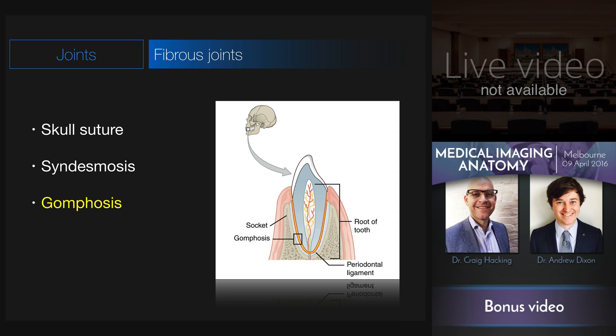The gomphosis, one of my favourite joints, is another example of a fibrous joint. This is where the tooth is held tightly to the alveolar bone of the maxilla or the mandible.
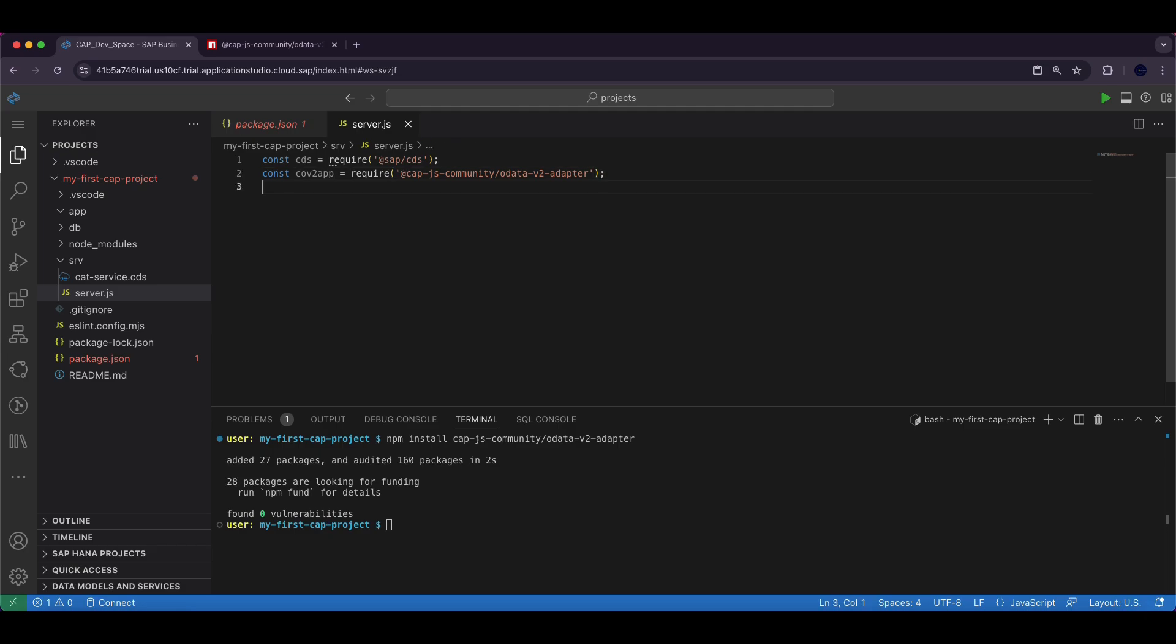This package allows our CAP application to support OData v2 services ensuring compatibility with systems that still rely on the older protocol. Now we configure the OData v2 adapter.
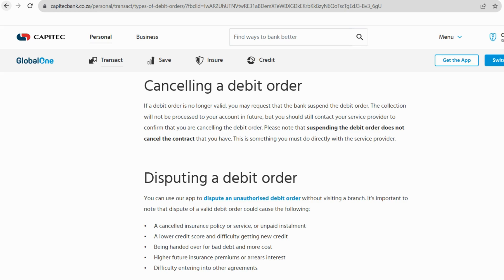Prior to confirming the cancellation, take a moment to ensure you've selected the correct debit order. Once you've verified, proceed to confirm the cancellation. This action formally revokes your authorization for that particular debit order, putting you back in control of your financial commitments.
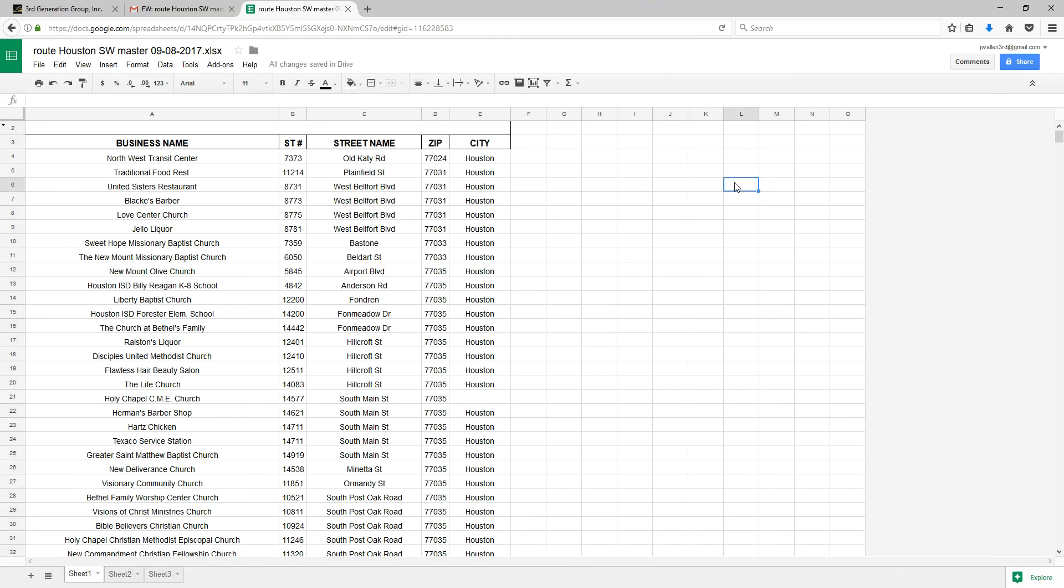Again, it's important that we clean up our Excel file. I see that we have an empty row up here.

...

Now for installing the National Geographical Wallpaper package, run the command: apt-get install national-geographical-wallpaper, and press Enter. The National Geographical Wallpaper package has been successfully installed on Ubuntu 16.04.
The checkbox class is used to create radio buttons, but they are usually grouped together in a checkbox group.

▸ Assignment
Go to the line above holding "This package allows", then copy exactly each line down to and including the one holding "Again, it's important", leaving pictures out.

▸ Exercise answer
This package allows our CAP application to support OData v2 services ensuring compatibility with systems that still rely on the older protocol. Now we configure the OData v2 adapter.
Prior to confirming the cancellation, take a moment to ensure you've selected the correct debit order. Once you've verified, proceed to confirm the cancellation. This action formally revokes your authorization for that particular debit order, putting you back in control of your financial commitments.
Again, it's important that we clean up our Excel file. I see that we have an empty row up here.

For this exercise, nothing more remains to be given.